Stored data entries:
==============================
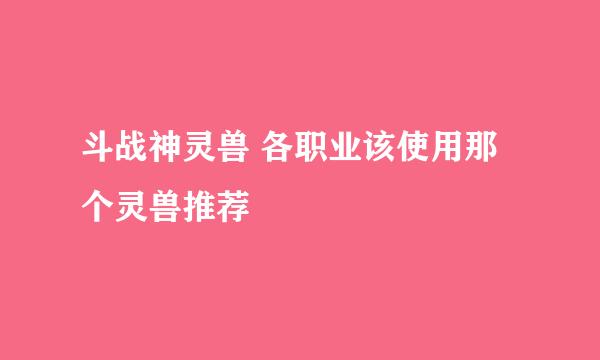 斗战神灵兽 各职业该使用那个灵兽推荐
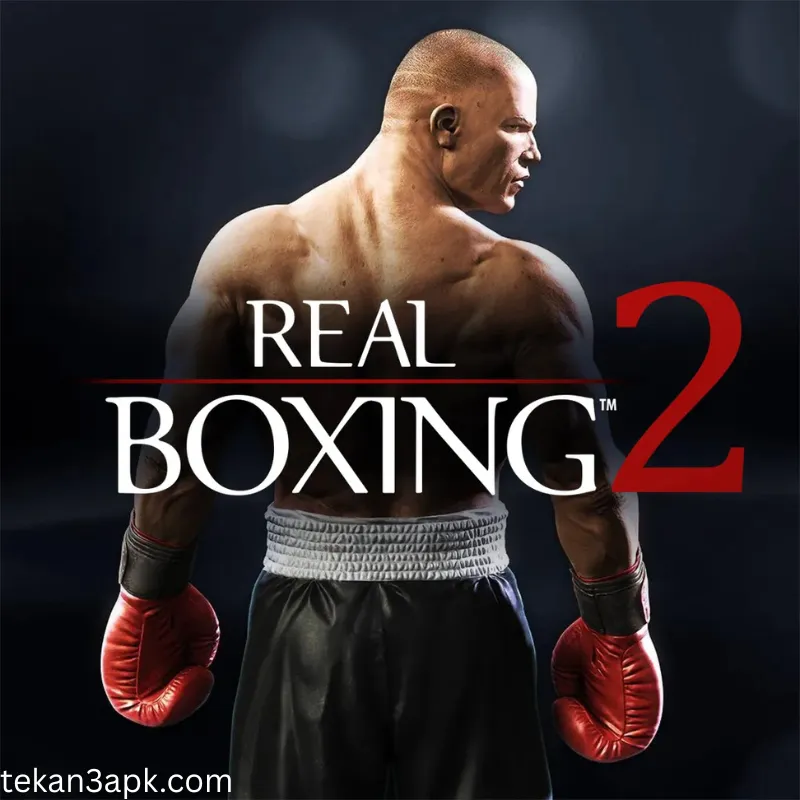 Best Offline Fighting Games Like Tekken 3 (No Internet Required) 5 Real Boxing 2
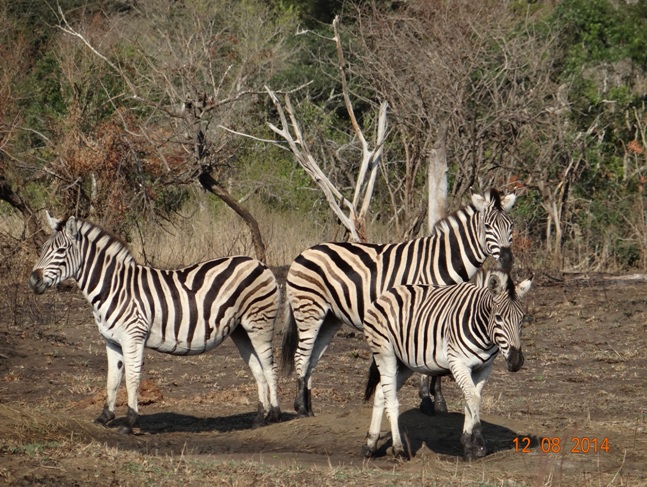 Durban Big 5 Safaris. Sighting of Zebra on our Day at Hluhluwe Imfolozi game reserve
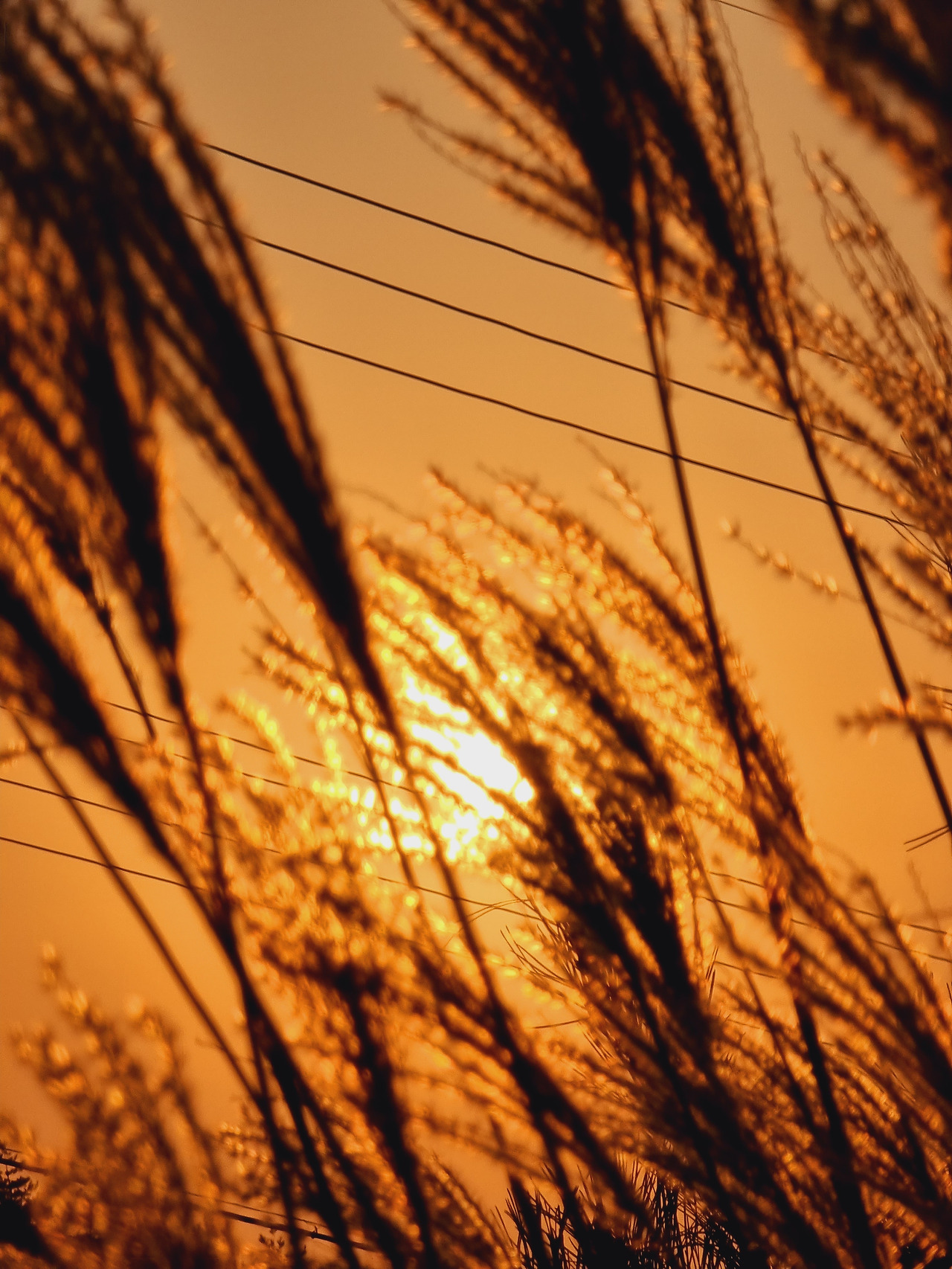 9 갈대 사이로 지는 해가 운치있어 보인다..jpg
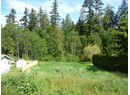 24 HARVIE AVE Photo 2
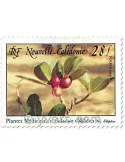n° 556 -  Timbre Nelle-Calédonie Poste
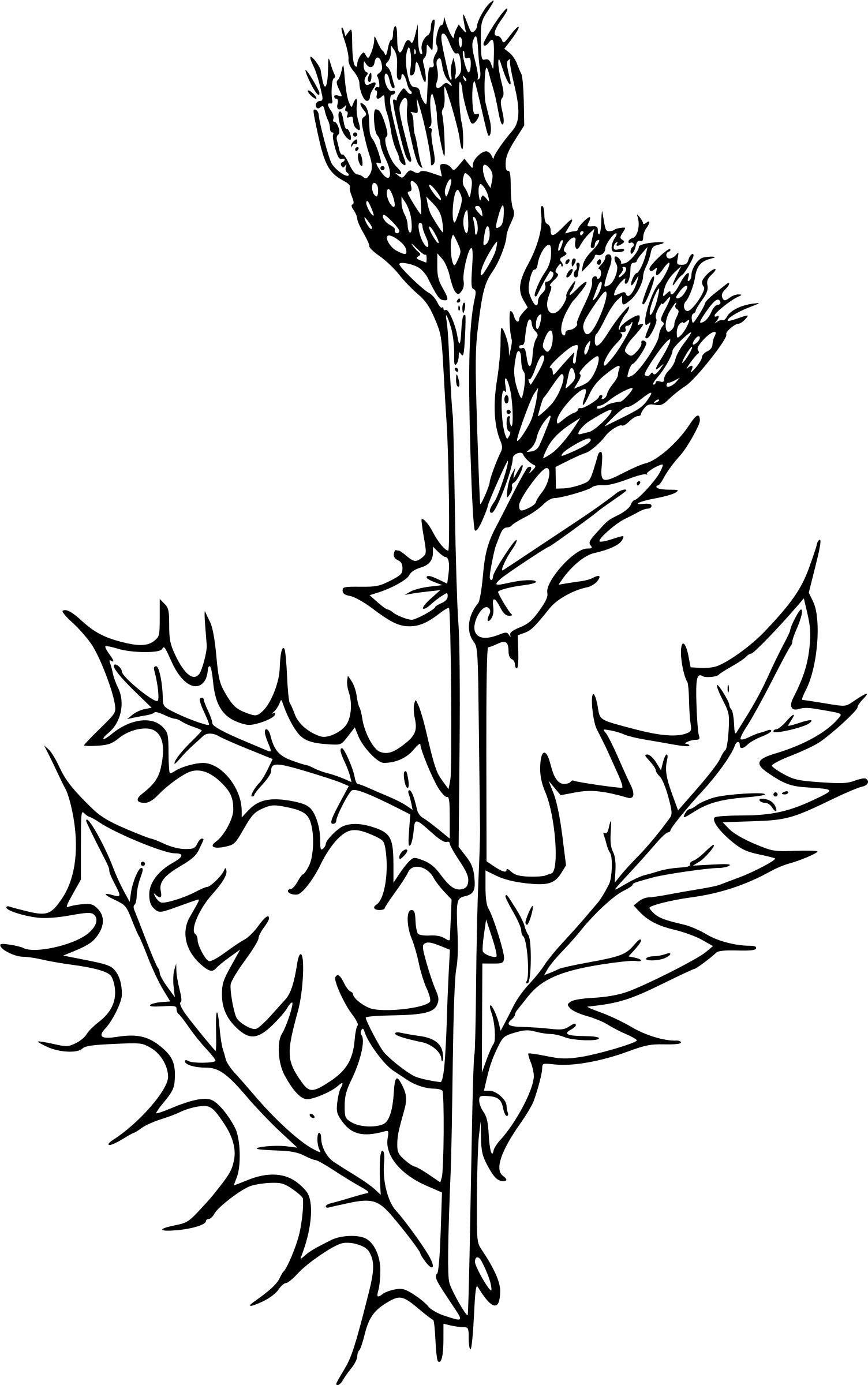 Canada thistle PNG icons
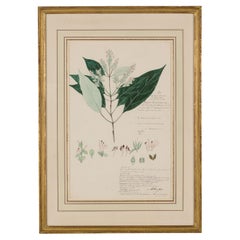 Framed 19th Century Victorian Watercolor of Rungia Wightiana
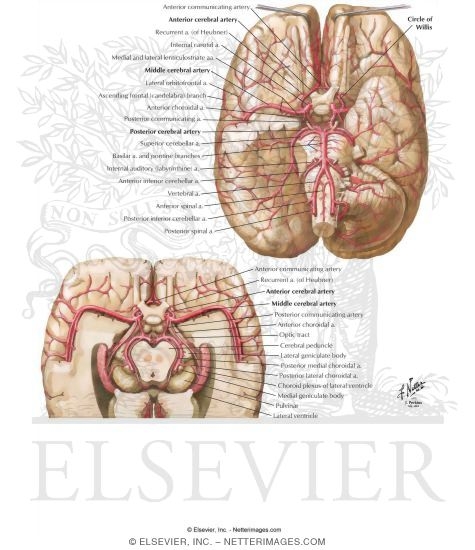 Arterial Distribution to the Brain: Basal View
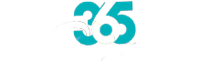365 Days On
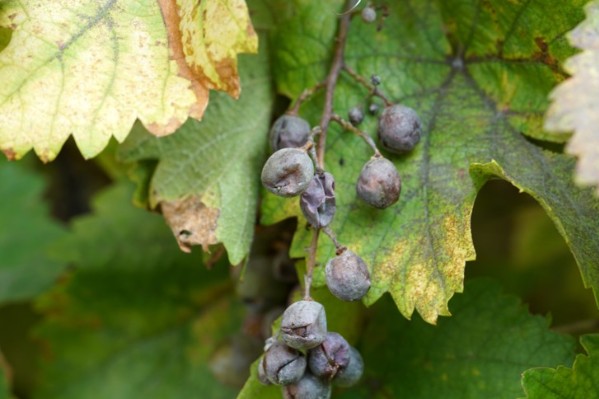 Un anti black-rot et oïdium dans le viseur de Générations Futures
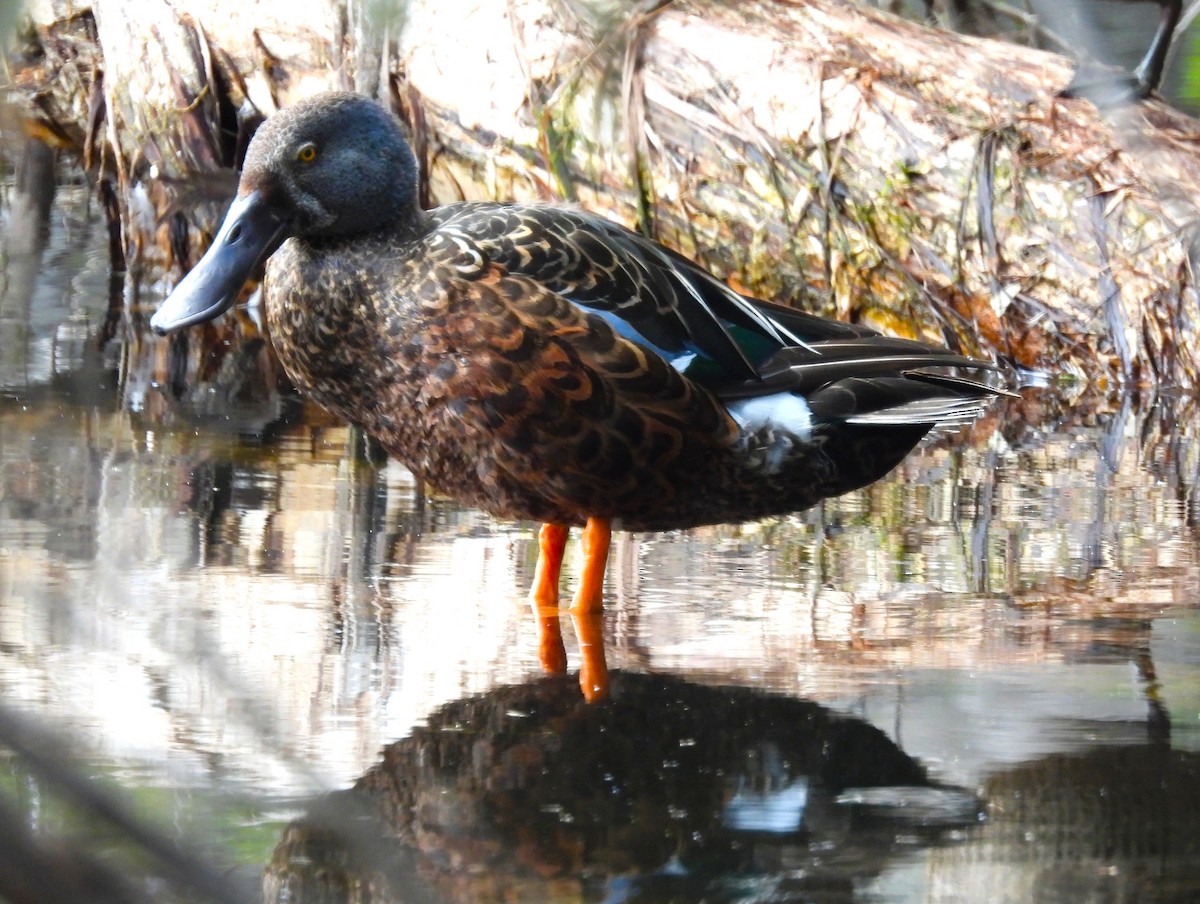 Australasian Shoveler - ML646122887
==============================
Without carrying over any picture, write out the entries above once more, exactly.

 斗战神灵兽 各职业该使用那个灵兽推荐
 Best Offline Fighting Games Like Tekken 3 (No Internet Required) 5 Real Boxing 2
 Durban Big 5 Safaris. Sighting of Zebra on our Day at Hluhluwe Imfolozi game reserve
 9 갈대 사이로 지는 해가 운치있어 보인다..jpg
 24 HARVIE AVE Photo 2
n° 556 -  Timbre Nelle-Calédonie Poste
 Canada thistle PNG icons
 Framed 19th Century Victorian Watercolor of Rungia Wightiana
 Arterial Distribution to the Brain: Basal View
365 Days On
 Un anti black-rot et oïdium dans le viseur de Générations Futures
 Australasian Shoveler - ML646122887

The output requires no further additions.